Modeling, Standards and the Test Engineer

Alignment to ISO/IEC/IEEE standards applicable to the test domain has been a key principle of my work.  This alignment does not “add” tasks to the “as is” state of the test engineering domain, but it does restructure domain artifacts (i.e., test plan, test specification, test design specification, test case specification, test procedure specification) and the sequence of some of the tasks (early engagement in setting stakeholder expectation and concurrence for system acceptance test), as well as re-instantiating tasks (describing the verification method beyond inspection, analysis, demonstration and test) frequently over-looked.   Focus has been brought on a key task within the test sub-process area supporting verification of requirements at the acceptance level of test.  An exemplar under development typifies production and acceptance by all stakeholders of a requirement’s acceptance criteria beginning in the proposal phase with the key requirements of the proposed system.  This methodology is not a new concept, but rather a revitalization of a time proven practice.  In A. Wayne Wymore’s seminal work “Model Based Systems Engineering”, Mr. Wymore emphasizes the importance of the ‘System Test Requirement’ as an element of the ‘System Design Requirement’ in his system modeling formalism.  My emphasis is also consistent with guidance for Section 4 Verifications of a System Requirements Document provided by MIL-HDBK-520A and MIL-STD-961E.  The recommended practice goes beyond simply applying a verification method kind to a requirement in the Verification Cross Reference Matrix (VCRM)[i].  It requires the creation of a baseline concept for the test requirement / method, principally by defining an abstract set of acceptance criteria in the form of a test objective specification (e.g., a test requirement).  This forms the basis for a test design specification which is ultimately realized by a concrete test case specification.


At the system’s SRR each requirement is associated with a concept for its verification test case.  A test case is ‘named’ and ‘described’ by its test objective.  This strikes a test specification baseline for the test system at SRR.


The maturation stage of the test specification is at SFR.  The elements required to implement a test are described for the test context owning the test case.  This forms the basis for the test architecture associated to the requirement.

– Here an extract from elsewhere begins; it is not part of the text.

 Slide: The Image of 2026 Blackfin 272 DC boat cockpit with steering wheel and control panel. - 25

Another principle motivating this work is to drive the engagement in product development of the test engineering domain much earlier in the lifecycle of the system of interest than has been the typical practice, in my experience.  An example of the concept is to treat work product inspections as a “Test Case” and incorporate the test case execution in the test body of evidence.  This is a concept currently in use in the European software development community.  The intent is to dramatically influence and thereby reduce the accumulation of technical debt in all of its forms.

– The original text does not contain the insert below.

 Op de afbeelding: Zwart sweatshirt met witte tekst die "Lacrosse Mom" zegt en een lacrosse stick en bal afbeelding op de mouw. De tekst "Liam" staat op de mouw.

Early test engineering effort of this nature are not typical, in my personal experience, but my research and experiences suggest they hold promise for a substantive ROI. Setting the test system’s technical baseline and the test architecture it is responsible for early in the project aides in setting the expectation with stakeholders.  Early setting of the baseline supports managing changes in scope and offers an opportunity to incrementally refine expectations and thereby enhance the probability of a satisfied customer stakeholder at acceptance testing.

[i] The term VCRM is inconsistent with the Glossary define by ISO/IEC 29119

Test Architecture Philosophy

Test (noun)


a series of questions, problems, or practical tasks to gauge somebody’s knowledge, ability, or experience

Basis for evaluation

a basis for evaluating or judging something or somebody

Trial run-through a process

a trial run-through of a process or on equipment to find out if it works

Procedure to detect presence of something

a procedure to ascertain the presence of or the properties of a substance

Architecture (noun)

Building design

the art and science of designing and constructing buildings

Building style

a style or fashion of building, especially one that is typical of a period of history or of a particular place

Structure of computer system

the design, structure, and behavior of a computer system, microprocessor, or system program, including the characteristics of individual components and how they interact

Philosophy (noun)

Examination of basic concepts

the branch of knowledge or academic study devoted to the systematic examination of basic concepts such as truth, existence, reality, causality, and freedom

School of thought

a particular system of thought or doctrine

Guiding or underlying principles

a set of basic principles or concepts underlying a particular sphere of knowledge

Set of beliefs or aims

a precept, or set of precepts, beliefs, principles, or aims, underlying somebody’s practice or conduct

The use of natural language to convey thoughts is fraught with semantic risk.  Natural language is essential for humans, yet to mitigate the semantic risk a rigorous grammar is required within a community of interest.  Considerable research exists to document the monumental undertaking it is to instantiate a universal lexicon, however there is strong evidence that a rigorous lexicon within a community is possible and of significant value.  Towards this end I hope to convey a distillation of my research over the last few years.

“The Four Horsemen”

Boundaries are explicit

Services are Autonomous

Services share Schema and Contract, not Class

Compatibility is based upon Policy

Any entity, without regard to its affiliation, has inherently greater value if it is employable in many places in many different ways.  To realize this objective an entity needs to posses the attributes embodied in “The Four Horsemen.”  The entity is whole and self-contained, yet it is allowed to interact with other entities via its interfaces.  The interface has a rigorous specification on how it interacts with other interfaces.  The entity exists within a community where all entities observe the same principles of realization.  An entity possessing these attributes is inherently more flexible when choreographing or orchestrating with other entities to realize a more complex entity.  We could assemble a complex entity from purpose specific component entities into a monolithic structure.  It might be a thing of great beauty, but it is purpose built and its maintenance and flexibility in the face of change will come at great cost.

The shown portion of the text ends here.